Training the Bayesian databases

Bayesian scans analyze the words (or “tokens”) in an message header and message body of an email to determine the probability that it is spam. For every token, the FortiMail unit calculates the probability that the email is spam based on the percentage of times that the word has previously been associated with spam or non-spam email. If a Bayesian database has not yet been trained, the Bayesian scan does not yet know the spam or non-spam association of many tokens, and does not have enough information to determine the statistical likelihood of an email being spam. By training a Bayesian database to recognize words that are and are not likely to be associated with spam, Bayesian scans become increasingly accurate.

However, spammers are constantly trying to invent new ways to defeat antispam filters. In one technique commonly used in attempt to avoid antispam filters, spammers alter words commonly identified as characteristic of spam, inserting symbols such as periods ( . ), or using nonstandard but human-readable spellings, such as substituting Â, Ç, Ë, or Í for A, C, E or I. These altered words are technically different tokens to a Bayesian database, so mature Bayesian databases may require some ongoing training to recognize new spam tokens.

You generally will not want to enable Bayesian scans until you have performed initial training of your Bayesian databases, as using untrained Bayesian databases can increase your rate of spam false positives and false negatives.

1. Train the global database by uploading mailbox (.mbox) files. For details, see “Backing up, batch training, and monitoring the Bayesian databases”.

By uploading mailbox files, you can provide initial training more rapidly than through the Bayesian control email addresses. Training the global database ensures that outgoing antispam profiles in which you have enabled Bayesian scanning, and incoming antispam profiles for protected domains that you have configured to use the global database, can recognize spam.


	If you have configured the FortiMail unit for email archiving, you can make mailbox files from archived email and spam. For details, see “Managing archived email”.

2. Train the per-domain databases by uploading mailbox (.mbox) files. For details, see “Backing up, batch training, and monitoring the Bayesian databases”.

By uploading mailbox files, you can provide initial training more rapidly than through the Bayesian control email addresses. Training per-domain databases ensures that incoming antispam profiles for protected domains that you have configured to use the per-domain database can recognize spam.

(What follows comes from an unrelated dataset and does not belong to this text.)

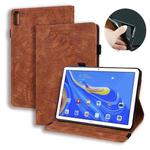 For Huawei MatePad 10.8 Calf Texture Embossed Horizontal Flip Leather Case with Holder & Card Slots & Photo Frame(Brown)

3. If you have enabled incoming antispam profiles to train Bayesian databases when the FortiMail unit receives training messages, and have selected those antispam profiles in recipient-based policies that match training messages, instruct FortiMail administrators and email users to forward sample spam and non-spam email to the Bayesian control email addresses. For more information, see “Configuring the Bayesian training control accounts”, “Accept training messages from users”, and “Training Bayesian databases”.


	Before instructing email users to train the Bayesian databases, verify that you have enabled the FortiMail unit to accept training messages. If you have not enabled the “Accept training messages from users” option in the antispam profile for policies which match training messages, the training messages will be discarded without notification to the sender, and no training will occur.

FortiMail units apply training messages to either the global or per-domain Bayesian database, whichever is enabled for the sender’s protected domain.